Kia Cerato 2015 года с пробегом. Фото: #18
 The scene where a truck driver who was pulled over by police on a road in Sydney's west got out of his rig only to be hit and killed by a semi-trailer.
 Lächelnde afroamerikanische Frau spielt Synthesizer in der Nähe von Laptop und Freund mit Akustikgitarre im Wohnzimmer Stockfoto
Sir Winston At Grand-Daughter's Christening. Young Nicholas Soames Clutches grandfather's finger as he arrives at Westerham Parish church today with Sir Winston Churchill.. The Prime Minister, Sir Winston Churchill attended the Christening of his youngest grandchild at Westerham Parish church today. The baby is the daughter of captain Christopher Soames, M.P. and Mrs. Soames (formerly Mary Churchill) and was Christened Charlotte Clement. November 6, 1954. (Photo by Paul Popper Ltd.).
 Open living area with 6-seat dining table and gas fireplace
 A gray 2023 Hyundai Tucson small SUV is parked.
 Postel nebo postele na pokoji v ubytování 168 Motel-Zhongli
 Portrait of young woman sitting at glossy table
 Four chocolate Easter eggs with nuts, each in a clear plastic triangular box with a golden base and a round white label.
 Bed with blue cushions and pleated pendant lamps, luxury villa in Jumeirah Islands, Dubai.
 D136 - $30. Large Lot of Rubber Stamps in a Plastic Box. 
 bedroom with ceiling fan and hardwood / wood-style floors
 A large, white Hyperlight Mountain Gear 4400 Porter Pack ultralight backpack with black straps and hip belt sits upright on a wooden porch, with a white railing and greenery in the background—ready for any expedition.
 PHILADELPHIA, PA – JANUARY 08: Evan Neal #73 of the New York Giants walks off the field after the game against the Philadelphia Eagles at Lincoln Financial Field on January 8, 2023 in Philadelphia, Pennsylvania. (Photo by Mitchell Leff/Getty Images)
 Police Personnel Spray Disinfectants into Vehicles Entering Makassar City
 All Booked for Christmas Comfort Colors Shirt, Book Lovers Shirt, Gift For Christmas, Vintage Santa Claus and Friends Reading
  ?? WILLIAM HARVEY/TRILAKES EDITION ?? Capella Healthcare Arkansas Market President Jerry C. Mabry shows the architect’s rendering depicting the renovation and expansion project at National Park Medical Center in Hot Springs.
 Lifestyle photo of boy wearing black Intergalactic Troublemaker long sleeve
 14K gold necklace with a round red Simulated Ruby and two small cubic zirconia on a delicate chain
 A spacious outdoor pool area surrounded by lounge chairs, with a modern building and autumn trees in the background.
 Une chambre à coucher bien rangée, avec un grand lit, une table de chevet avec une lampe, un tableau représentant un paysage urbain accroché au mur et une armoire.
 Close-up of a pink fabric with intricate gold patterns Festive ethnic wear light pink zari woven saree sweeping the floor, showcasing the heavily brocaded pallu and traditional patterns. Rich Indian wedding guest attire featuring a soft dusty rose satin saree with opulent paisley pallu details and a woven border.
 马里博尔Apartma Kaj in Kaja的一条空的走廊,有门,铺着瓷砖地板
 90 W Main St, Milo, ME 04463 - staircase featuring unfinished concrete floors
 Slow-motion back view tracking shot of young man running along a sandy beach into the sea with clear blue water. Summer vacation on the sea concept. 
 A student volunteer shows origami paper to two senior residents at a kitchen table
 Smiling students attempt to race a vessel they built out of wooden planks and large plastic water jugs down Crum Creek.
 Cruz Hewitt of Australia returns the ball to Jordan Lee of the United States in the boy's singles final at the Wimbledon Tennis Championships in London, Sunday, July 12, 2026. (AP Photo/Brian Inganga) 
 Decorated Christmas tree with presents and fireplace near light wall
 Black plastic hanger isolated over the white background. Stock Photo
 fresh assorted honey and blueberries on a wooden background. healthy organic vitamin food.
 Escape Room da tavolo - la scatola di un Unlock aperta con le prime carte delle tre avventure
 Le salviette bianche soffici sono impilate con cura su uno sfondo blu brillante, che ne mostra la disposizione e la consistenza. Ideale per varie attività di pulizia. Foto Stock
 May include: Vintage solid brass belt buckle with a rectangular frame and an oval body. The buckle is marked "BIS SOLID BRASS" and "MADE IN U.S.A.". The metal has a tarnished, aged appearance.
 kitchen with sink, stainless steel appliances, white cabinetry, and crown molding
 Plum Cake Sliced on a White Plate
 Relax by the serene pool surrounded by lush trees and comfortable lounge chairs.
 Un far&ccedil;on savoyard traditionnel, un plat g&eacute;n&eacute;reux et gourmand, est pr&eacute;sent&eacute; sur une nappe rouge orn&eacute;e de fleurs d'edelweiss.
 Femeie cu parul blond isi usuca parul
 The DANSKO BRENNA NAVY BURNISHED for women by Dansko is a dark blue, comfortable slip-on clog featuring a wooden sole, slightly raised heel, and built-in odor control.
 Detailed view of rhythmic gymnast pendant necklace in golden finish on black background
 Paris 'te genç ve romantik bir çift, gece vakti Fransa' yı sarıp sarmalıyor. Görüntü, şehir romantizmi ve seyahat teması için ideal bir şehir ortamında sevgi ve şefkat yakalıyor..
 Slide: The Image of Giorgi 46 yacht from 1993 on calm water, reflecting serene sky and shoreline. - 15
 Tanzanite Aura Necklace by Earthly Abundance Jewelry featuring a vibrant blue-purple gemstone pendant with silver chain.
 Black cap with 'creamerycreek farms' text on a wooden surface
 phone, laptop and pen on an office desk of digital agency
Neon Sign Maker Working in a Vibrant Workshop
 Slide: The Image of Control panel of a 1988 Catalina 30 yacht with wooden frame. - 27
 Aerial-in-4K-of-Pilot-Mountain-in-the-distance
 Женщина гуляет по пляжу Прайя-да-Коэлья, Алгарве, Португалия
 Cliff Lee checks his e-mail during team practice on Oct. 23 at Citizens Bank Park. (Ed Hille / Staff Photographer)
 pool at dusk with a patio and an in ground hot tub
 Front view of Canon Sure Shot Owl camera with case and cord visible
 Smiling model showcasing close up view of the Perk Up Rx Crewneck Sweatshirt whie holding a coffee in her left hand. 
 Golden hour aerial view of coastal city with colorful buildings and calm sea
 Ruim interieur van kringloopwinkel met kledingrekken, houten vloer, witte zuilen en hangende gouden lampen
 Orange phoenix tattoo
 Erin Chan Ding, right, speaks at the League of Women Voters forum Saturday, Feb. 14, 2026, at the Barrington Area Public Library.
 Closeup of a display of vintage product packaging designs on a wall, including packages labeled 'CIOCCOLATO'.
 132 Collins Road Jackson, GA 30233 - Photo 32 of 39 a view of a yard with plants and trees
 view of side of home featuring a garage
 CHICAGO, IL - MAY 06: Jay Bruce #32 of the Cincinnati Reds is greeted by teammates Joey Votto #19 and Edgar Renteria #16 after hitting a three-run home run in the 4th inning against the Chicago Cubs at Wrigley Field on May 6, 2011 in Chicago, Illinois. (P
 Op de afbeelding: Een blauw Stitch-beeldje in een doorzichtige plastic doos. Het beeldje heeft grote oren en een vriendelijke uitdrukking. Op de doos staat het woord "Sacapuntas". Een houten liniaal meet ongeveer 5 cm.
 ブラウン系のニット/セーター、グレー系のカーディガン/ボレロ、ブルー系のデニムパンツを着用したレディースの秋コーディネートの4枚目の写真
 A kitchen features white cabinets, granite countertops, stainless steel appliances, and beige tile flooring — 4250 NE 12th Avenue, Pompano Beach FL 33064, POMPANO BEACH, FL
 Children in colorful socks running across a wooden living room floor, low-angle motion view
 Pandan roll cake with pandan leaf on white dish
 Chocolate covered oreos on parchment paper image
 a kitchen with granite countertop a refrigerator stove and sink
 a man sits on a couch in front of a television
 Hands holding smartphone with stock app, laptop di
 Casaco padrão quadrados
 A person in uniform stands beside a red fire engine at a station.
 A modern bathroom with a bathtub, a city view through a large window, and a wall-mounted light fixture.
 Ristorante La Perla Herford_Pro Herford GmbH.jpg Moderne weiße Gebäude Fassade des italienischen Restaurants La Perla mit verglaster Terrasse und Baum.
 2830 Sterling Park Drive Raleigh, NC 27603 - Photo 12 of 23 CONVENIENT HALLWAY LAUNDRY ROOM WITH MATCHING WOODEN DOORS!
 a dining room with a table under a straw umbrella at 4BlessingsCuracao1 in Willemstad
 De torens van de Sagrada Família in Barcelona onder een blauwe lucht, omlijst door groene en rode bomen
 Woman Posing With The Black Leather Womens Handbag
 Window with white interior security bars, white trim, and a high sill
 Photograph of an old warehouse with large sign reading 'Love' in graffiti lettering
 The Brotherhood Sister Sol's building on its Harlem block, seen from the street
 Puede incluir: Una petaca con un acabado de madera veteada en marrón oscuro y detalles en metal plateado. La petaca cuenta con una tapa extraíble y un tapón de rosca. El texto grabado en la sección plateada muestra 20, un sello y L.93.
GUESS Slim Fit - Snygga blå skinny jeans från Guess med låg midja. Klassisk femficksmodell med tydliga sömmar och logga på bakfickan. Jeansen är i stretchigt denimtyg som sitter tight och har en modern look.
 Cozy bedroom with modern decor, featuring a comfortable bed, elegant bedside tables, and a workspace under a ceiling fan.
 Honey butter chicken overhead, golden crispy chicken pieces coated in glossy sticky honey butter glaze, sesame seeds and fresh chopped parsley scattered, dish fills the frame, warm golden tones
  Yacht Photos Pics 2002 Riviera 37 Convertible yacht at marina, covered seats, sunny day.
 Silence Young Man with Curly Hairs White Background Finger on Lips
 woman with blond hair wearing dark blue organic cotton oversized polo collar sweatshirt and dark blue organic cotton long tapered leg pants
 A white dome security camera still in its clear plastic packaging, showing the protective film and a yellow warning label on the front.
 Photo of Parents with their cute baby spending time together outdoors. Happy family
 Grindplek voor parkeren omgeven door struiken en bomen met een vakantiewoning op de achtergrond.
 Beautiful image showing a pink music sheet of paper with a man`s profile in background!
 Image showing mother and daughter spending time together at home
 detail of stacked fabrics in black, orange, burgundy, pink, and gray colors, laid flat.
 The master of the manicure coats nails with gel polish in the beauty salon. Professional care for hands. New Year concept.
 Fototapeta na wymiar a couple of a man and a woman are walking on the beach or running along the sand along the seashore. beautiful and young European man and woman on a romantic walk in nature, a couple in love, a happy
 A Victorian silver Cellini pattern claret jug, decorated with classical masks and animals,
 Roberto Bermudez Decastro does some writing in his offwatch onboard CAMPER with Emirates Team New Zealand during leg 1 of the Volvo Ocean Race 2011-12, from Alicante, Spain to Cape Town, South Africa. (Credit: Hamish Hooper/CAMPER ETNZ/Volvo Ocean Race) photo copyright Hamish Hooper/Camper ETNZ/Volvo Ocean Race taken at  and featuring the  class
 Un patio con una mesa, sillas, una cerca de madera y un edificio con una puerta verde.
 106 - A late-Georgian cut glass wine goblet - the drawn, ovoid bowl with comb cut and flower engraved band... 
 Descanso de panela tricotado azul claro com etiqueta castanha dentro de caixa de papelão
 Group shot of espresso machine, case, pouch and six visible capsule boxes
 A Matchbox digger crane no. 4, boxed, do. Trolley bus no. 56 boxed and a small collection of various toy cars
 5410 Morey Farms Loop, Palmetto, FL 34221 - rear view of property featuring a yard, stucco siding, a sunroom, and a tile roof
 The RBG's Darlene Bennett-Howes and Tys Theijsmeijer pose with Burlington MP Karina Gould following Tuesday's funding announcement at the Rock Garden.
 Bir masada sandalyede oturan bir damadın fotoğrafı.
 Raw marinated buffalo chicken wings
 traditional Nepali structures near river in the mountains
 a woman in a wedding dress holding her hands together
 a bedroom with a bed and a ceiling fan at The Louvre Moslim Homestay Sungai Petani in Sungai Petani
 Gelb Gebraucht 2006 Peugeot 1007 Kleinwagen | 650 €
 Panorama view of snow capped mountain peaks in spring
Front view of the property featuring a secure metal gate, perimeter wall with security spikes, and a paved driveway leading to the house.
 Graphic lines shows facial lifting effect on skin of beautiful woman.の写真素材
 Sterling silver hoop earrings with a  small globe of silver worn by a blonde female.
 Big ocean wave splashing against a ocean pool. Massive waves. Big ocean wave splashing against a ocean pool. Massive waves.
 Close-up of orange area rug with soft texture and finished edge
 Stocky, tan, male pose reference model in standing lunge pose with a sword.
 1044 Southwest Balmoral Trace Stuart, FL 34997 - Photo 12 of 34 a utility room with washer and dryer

To do: Within the records above, tally the lines that contain "steel". Give the total and nothing more.

Answer to the exercise: 2